Event Date: April 10, 2024 - 1:30pm to 3:00pm
Location: FSS 4004, 120 University Private, University of Ottawa
Presented by CIPS and the International Theory Network
We regularly have trouble understanding others, whether relatives, neighbours, friends, colleagues, or members of entirely different cultures, past and present. In fact, we often struggle to understand our own selves. But what exactly are the obstacles to understanding oneself and others and how can we best overcome them?

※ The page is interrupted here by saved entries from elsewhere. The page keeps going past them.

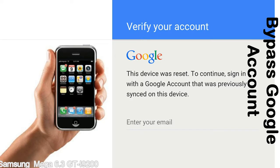This FRP lock is developed by Google, and we provide our FRP unlock solution for free. Today we are providing the methods to unlock FRP lock phones. You can use this solution for almost all FRP lock devices.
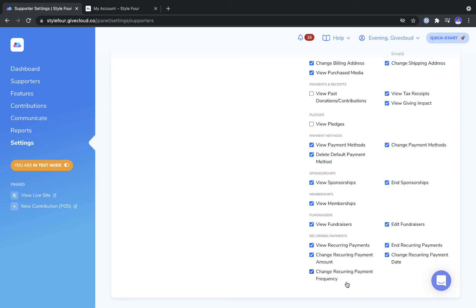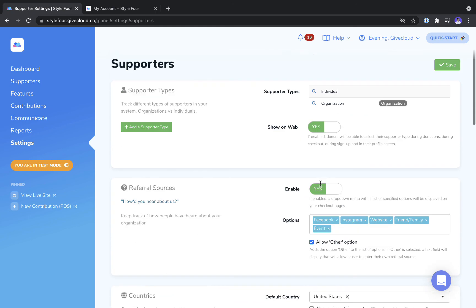If you are not offering certain features such as peer-to-peer fundraising, memberships or sponsorships, you can uncheck those settings, scroll back up to the top and hit save.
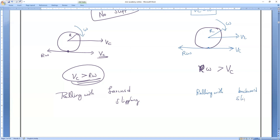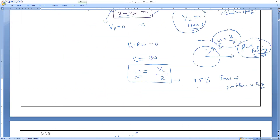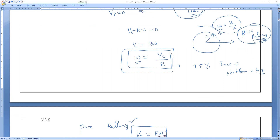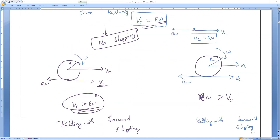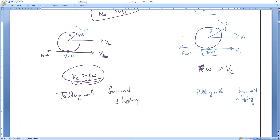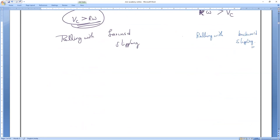In all these cases — forward or backward slipping — what is the velocity of the platform? The platform is always in a state of rest, so velocity of platform Vp = 0. Remember: only when ω = Vc/R is it pure rolling.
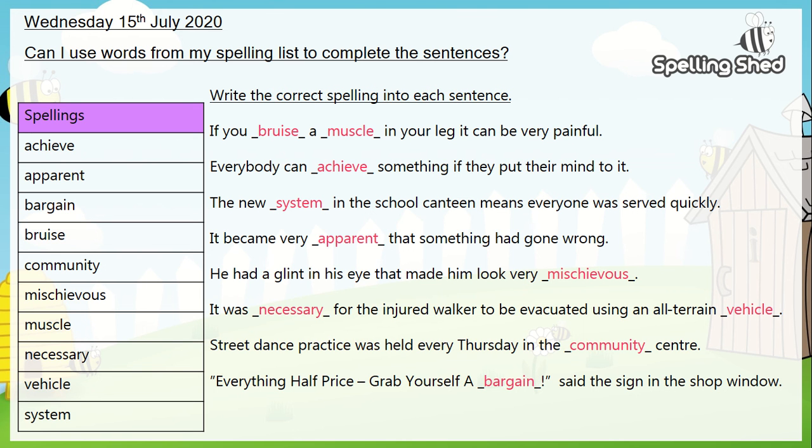And that's it for our second spelling session of this week. Come and join me again on Friday for our final spelling lesson of the week. Take care everybody, bye for now.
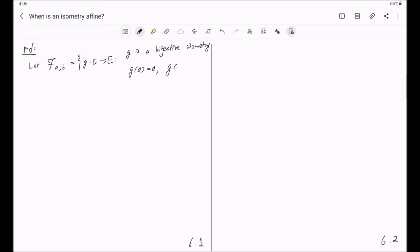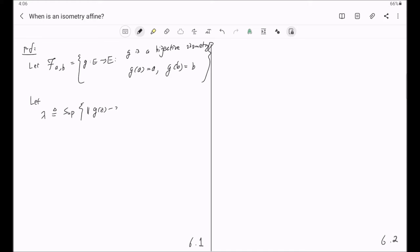We consider the number λ defined to be the supremum of all distances from G(Z) to Z, where G is in script F_{A,B}. This number can be anything from zero to infinity, and we will show that λ is equal to zero.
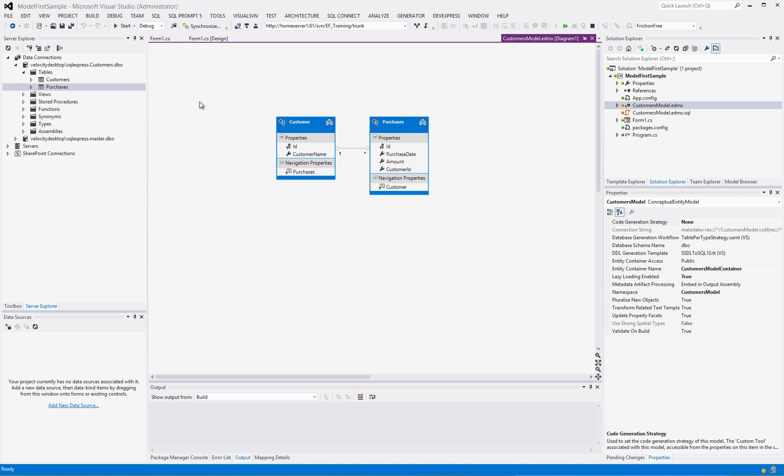The next video we'll cover a grid parent-child and using object data sources with an existing database. So it won't be as model first, it'll be more database first. We'll show you how to use object data sources and the entity framework to get something up and running really fast and have a completely running application in little or no time at all. So thanks for watching. Hope you were able to help a little bit. If you have any questions, feel free to leave comments. Thanks for stopping by.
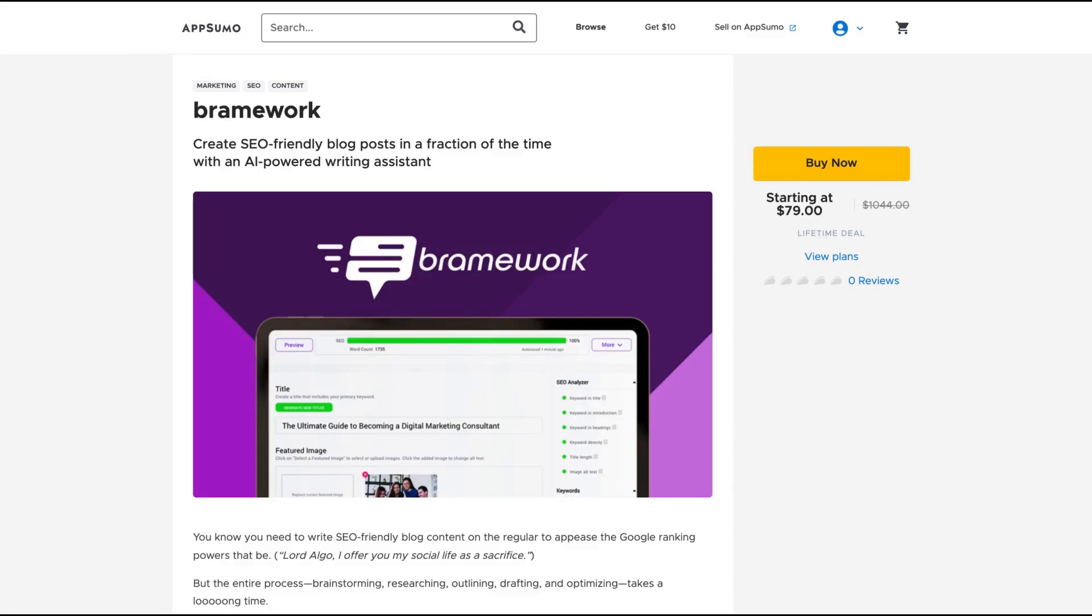Hey guys, Igor here doing one more AppSumo review. Today analyzing Bramework, which will be the next AppSumo trending. The tool is pretty good, pretty neat to work with, and it will be my pleasure to show it for you.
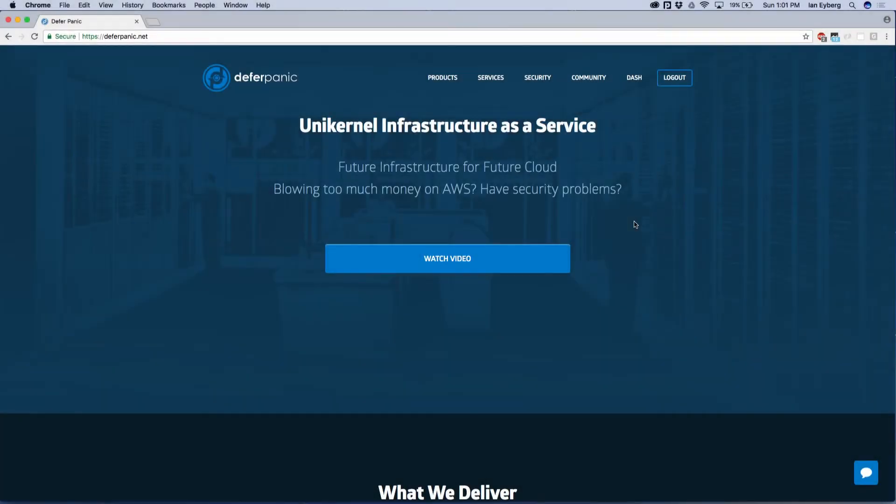Hi, my name is Ian Iberg, and I'm the CEO of DeferPanic. I just wanted to show you all how to boot your first unikernel in under a minute.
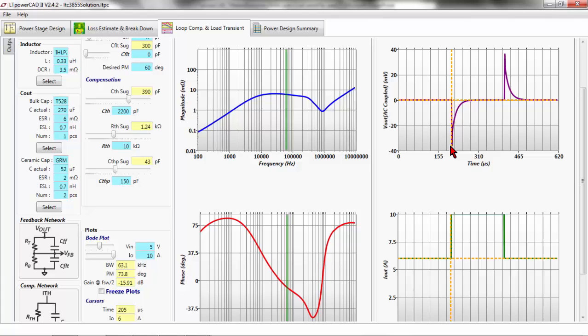A 4-amp load step with 6 milliohms will yield this result — that's about close to 40 millivolts. Is 40 millivolts sufficient deviation? You have to tell me — I don't know the spec you're designing to. You have to consider that it is within your regulation window. Your regulation window will include the accuracy of the reference, the DC setpoint accuracy, and the transient response.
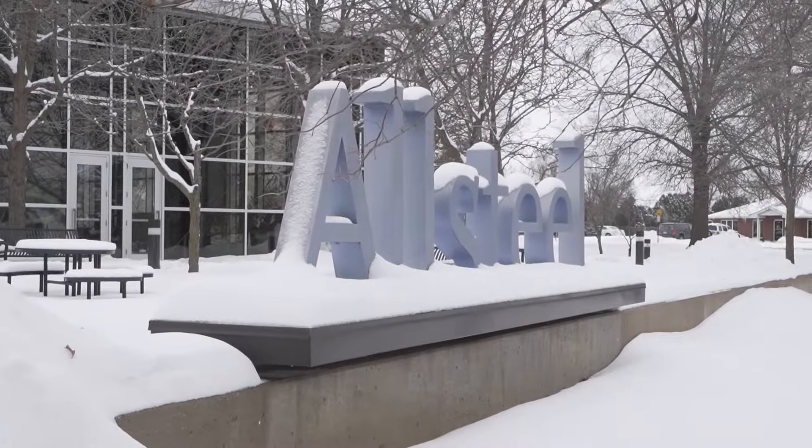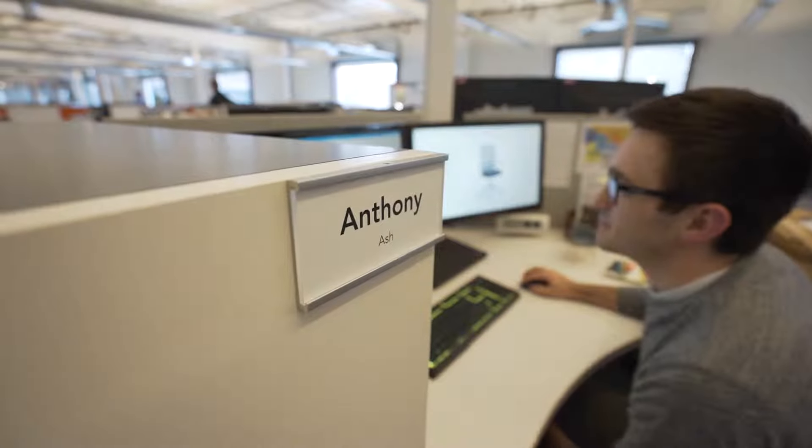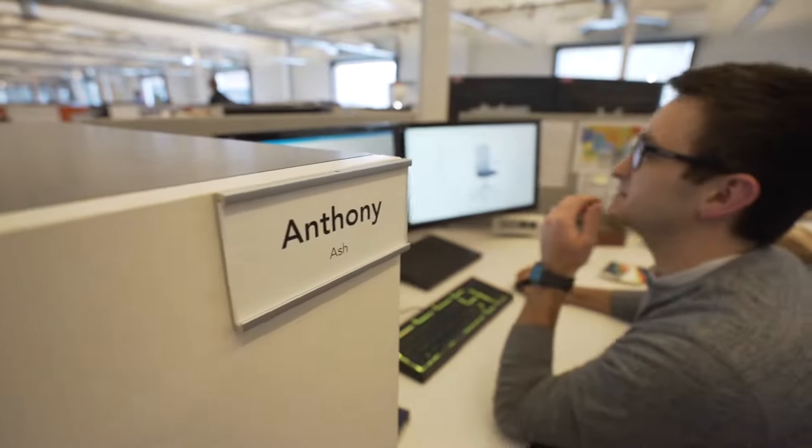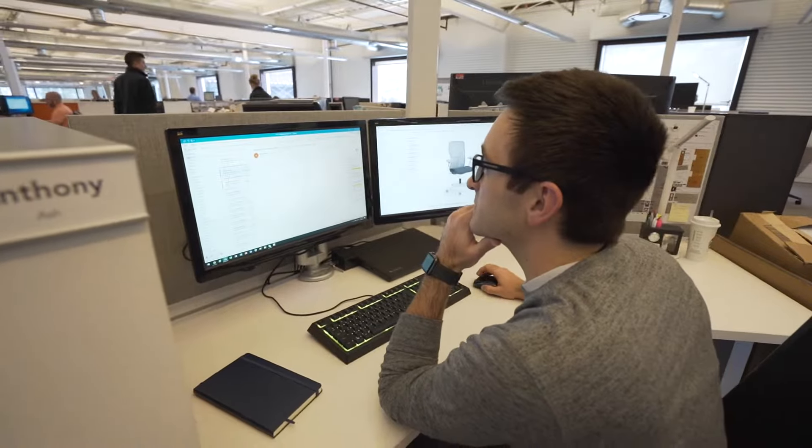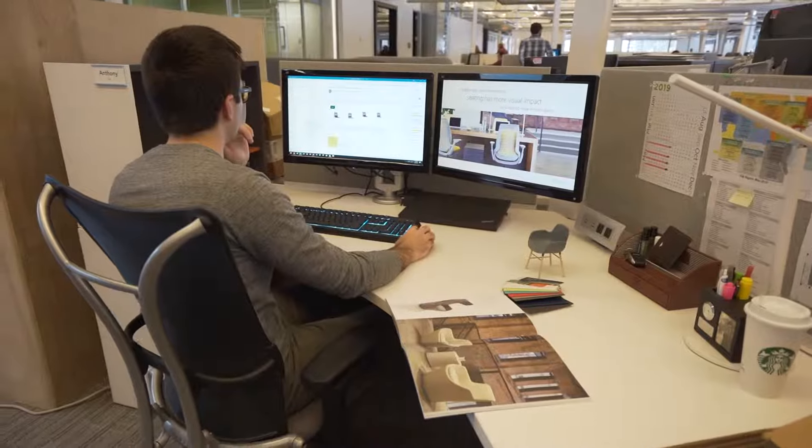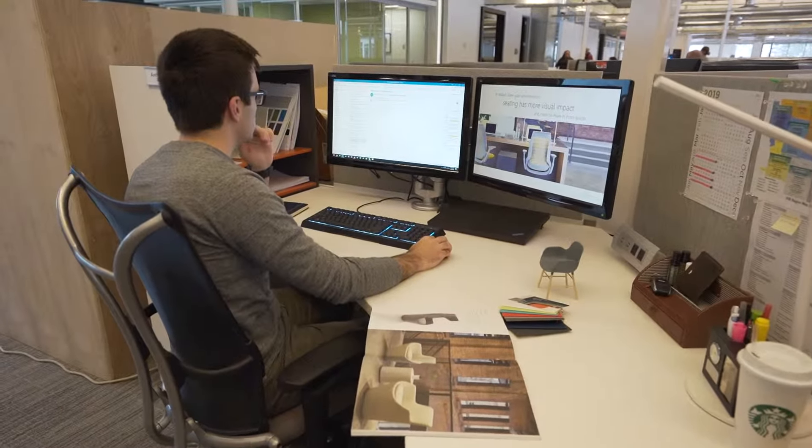At Allsteel I'm a product manager on the seating team. When I started, I started as a product analyst, very much numbers heavy and financially focused. Now my current role is really focused on helping support and lead key product development initiatives, really making new product. So far I've been with Allsteel for coming up on four and a half years.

In this talk, Constantine will consider and reject the most popular answers to these questions, on the grounds that they are overly informationalist. By this, he means that they conceive of understanding as a kind of ‘mind reading’, which purportedly involves accessing information that is stored in the mind or brain. He contrasts such accounts with Wittgenstein’s idea that we only begin to understand one another through the sharing of interests, activities, practices, and – ultimately – lives. Wittgenstein’s approach holds up across cultural, political, and even biological divides. It faces serious challenges, however, in cases of historical understanding and self-understanding. He will conclude with some remarks about how Wittgenstein may nevertheless help us to think through these more difficult cases.
Speaker:
Constantine Sandis is Director of Lex Academic and Visiting Professor of Philosophy at the University of Hertfordshire. His authored books include The Things We Do and Why We Do Them, Character and Causation, From Action to Ethics, and Real Gender. Sandis is currently working on a book on understanding oneself and others for Yale University Press.
Chair:
Kevin McMillan is an Associate Professor of Political Studies at the University of Ottawa.